Fucking Cipro. You can’t go outside or you have an instant sunburn. There’s some problem with dairy products eaten close to Cipro time. The only upside is apparently it makes caffeine kick in faster. My pain killers say I’m not allowed to lie down for thirty minutes after I take them. What? Why? Don’t I take pain killers so I can lie down? It doesn’t even matter. They don’t stop the pain, they just make me miserable and sleepy. The drops hurt and have totally clogged up my ear since yesterday afternoon. I’m cranky.

But it’s been a lot of fun to walk around, grab someone by the temple, close your eyes and then go, “You have malaria.”
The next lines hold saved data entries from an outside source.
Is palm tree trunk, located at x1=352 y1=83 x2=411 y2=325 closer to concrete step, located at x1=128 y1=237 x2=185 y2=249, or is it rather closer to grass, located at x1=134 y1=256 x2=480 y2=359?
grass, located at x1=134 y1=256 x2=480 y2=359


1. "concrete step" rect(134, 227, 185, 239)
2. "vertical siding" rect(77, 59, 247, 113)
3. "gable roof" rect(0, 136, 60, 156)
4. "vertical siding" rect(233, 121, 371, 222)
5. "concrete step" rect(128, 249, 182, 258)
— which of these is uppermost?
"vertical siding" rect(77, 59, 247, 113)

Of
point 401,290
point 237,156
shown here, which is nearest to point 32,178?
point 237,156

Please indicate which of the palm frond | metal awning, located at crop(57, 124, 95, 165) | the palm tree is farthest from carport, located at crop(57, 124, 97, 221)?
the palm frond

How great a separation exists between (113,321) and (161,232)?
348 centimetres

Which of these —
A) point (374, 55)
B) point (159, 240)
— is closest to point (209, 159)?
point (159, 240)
“No, I have an ingrown toenail.”

“That was caused by the malaria.”

“No.”

“You have rickets.”

“Doctor, I have pinkeye.”

“You lost your arm in the war.”

“No, it’s the flu. See? Both arms.”

“You have the measles.”

“I don’t! I got vaccinated against that when I was a baby.”

“Rubella, then.”

“No, same vaccination.”

“Scurvy?”

“I have a yeast infection.”

“From the Cerebal Palsy.”

“What?”

“Here. Take the Cipro.”

“But I don’t have that much money. Can’t you just give me amoxicillan?”

“Do you want to die from TMJ? Then take the Cipro.”

“But…”

“I’ll diagnose cancer if you don’t take the Cipro.”

So we went to the pharmacy and as I waited for my expensive Cipro supply I did the only thing that could make me happy at a time like this: I bought school supplies. There was a back-to-school sale and notebooks and dayplanners were cheap. I bought an August to July 2003 dayplanner that wants me to fill in my teachers for each semester. It makes me so happy. Sometimes I miss school. It’s not very often, but buying school supplies and the smell of Trapper Keepers makes me miss school. I also bought some O-Town pens. You can’t stop me.

I used to get sick when I moved to a new school from the stress and the sadness of moving, so buying school supplies with an ear ache was just like any other time I started a new school as a kid. And then, because it was the only other thing that could make me happy: We went to McDonald’s. Take that, Dr. Psychic. I had french fries.